Second, a problem I’ve seen with both Digg and Google Search notices is that Chilling Effects will post the full URL the content that was removed from the index. Since both sites, understandably, link to the Chilling Effects page, this has the effect of making the full URL, without obfuscation, available to anyone, defeating the purpose of filing the DMCA notice.

The only difference is that, instead of clicking the link directly in the Google results, you click the link to the Chilling Effects notice and then copy and paste the URL. This left some of my clients and friends confused and wondering if Chilling Effects was trying to sabotage their legitimate DMCA notice.

This problem could be easily fixed by obfuscating part of the URL involved in these cases, making the full content only available for host takedowns where the work itself was removed.

Bottom Line

Though I don’t think the Chilling Effects process is perfect, I’ve never once hesitated on sending a notice because it might appear in the database.
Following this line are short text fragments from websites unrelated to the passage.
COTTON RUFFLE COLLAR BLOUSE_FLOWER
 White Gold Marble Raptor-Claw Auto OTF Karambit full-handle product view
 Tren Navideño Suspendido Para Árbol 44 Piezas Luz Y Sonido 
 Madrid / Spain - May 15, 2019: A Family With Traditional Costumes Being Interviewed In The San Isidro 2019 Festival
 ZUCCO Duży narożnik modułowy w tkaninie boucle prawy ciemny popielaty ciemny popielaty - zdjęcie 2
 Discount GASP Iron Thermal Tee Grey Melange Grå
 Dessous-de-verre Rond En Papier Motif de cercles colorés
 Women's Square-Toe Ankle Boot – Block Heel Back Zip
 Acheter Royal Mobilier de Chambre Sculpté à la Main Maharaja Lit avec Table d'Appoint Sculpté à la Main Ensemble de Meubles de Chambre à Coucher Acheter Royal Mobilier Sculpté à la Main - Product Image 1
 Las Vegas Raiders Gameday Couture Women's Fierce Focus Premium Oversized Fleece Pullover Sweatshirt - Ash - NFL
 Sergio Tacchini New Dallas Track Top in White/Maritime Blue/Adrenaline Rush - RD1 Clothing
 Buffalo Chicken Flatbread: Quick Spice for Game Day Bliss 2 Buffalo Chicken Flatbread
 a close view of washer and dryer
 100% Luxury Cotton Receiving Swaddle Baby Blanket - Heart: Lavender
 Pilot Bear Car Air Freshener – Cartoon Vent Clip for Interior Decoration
Simply put, I’ve never once sent a notice I don’t believe in or would feel embarrassed by it being made public.

That being said, very few of my notices have made it into their database. Much of this is because I rarely send notices to Google, instead preferring to send them to hosts, the majority of which don’t send their notices to Chilling Effects. But even the notices I do send to Google don’t seem to appear and I’m not sure why.

Regardless, I wouldn’t mind if they did and I don’t think any creator who is filing legitimate takedown notices should mind either. What Chilling Effects is doing is important. By discouraging bad uses of the law, Chilling Effects is making it a better climate for those who want to use it legitimately and it is also keeping records of notices that may enable future research and evaluation of the law.

In short, copyright holders filing legitimate DMCA notices need to support Chilling Effects the same as those who fear false notices. It’s important to remember that a DMCA notice is a legal dispute and, if you aren’t prepared to have a legal dispute aired out somewhat in public, you probably need to rethink your position.

There are some exceptions, obviously, but in most cases the copyright holder isn’t harmed at all by the notice being made public with sensitive information removed. However, the public can gain a great deal, especially if a database is large enough to help researchers understand how the law is being used and others how to apply it correctly.